Is history repeating itself?
After the Corporation for Public Broadcasting was created with federal tax dollars in 1967, lawmakers had to return to tweak the legislation because none of the funding was going to Black, Asian, Hispanic, or other filmmakers of color. They created separate bills that funneled money to organizations including Black Public Media, Latino Public Broadcasting, and others. Some groups are still calling attention to the lack of diversity in public media today.
Waldman, who helped craft and garner congressional and industry support for the Local Journalism Sustainability Act, says he backs coming up with legislation explicitly for BIPOC news organizations, but the current bill does include local BIPOC news outlets. Opening the bill up to national BIPOC outlets, as Morgan suggests, risks torpedoing the whole effort, Waldman said.

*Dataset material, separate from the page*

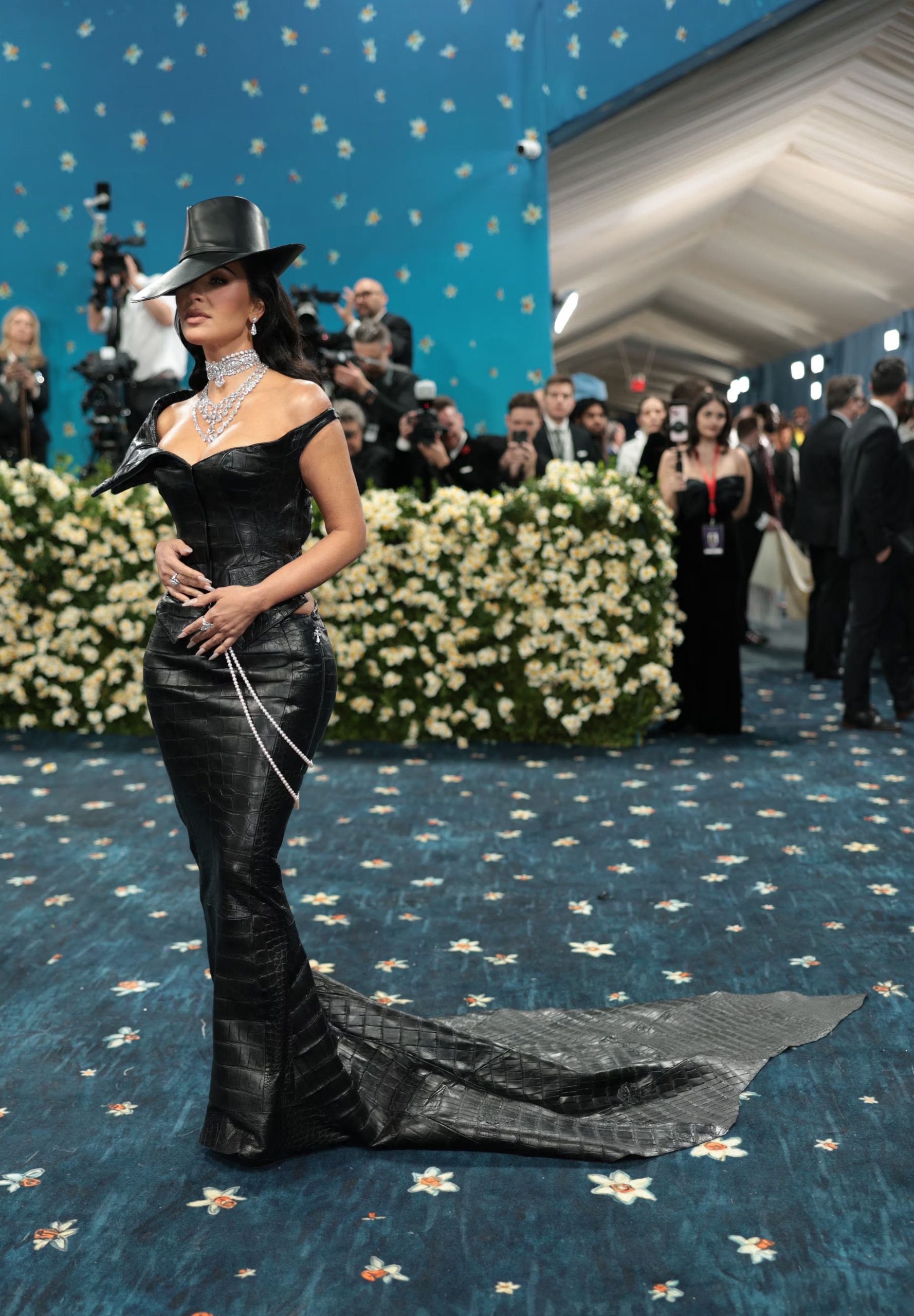 El vestido largo de cuero negro y el sombrero de ala ancha representan el lado más estructurado y glamuroso de Kim Kardashian en galas y eventos especiales (REUTERS/Mario Anzuoni)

It should be noted that the bill has garnered support from both the National Newspaper Publishers Association (NNPA also referred to as the Black Press) and the National Association of Hispanic Publishers (NAHP).
“We have to do our part to support the industry and our sector,” said NAHP vice president Alvaro Gurdian who is also Vice President of Operations for La Noticia, a family-owned newspaper that serves the Latino community in Charlotte, N.C. “The truth is, the language in this bill is still being amended so what’s in it today may not be in it tomorrow. We’re also conducting studies to determine the impact on small, independent publishers. We don’t know that yet. So this is very much a work in progress.”